◆ **REQUIRED ACTION**:
Below is a listing; restate from it, character for character, the lines beginning at the line holding "Durable Trash Can" and ending at the line holding "3 Piece Luggage", both included.

◆ **INFORMATION GIVEN**:
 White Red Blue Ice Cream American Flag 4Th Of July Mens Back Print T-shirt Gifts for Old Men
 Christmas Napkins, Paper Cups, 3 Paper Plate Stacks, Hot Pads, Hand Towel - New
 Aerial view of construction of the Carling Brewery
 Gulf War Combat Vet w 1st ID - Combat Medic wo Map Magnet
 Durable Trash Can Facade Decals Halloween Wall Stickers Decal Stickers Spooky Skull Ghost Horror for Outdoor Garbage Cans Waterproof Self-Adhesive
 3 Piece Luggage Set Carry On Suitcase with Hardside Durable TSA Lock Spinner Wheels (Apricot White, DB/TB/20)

...

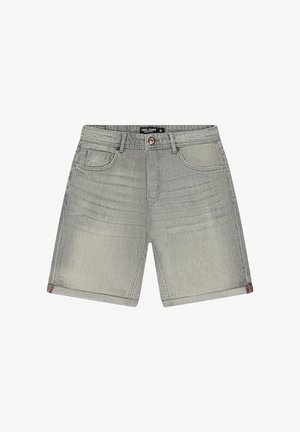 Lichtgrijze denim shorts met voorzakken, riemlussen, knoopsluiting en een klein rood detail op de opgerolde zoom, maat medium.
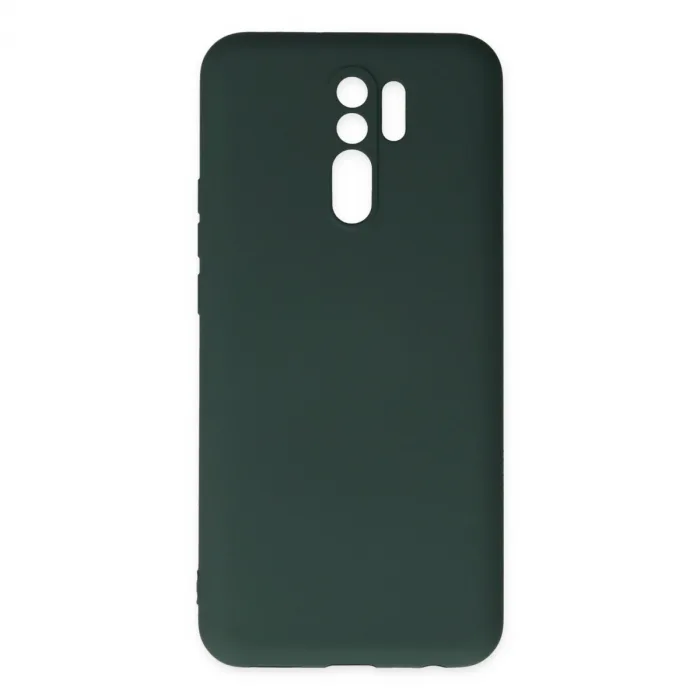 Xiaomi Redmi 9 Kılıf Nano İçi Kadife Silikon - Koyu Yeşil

◆ **ANSWER SECTION**:
 Durable Trash Can Facade Decals Halloween Wall Stickers Decal Stickers Spooky Skull Ghost Horror for Outdoor Garbage Cans Waterproof Self-Adhesive
 3 Piece Luggage Set Carry On Suitcase with Hardside Durable TSA Lock Spinner Wheels (Apricot White, DB/TB/20)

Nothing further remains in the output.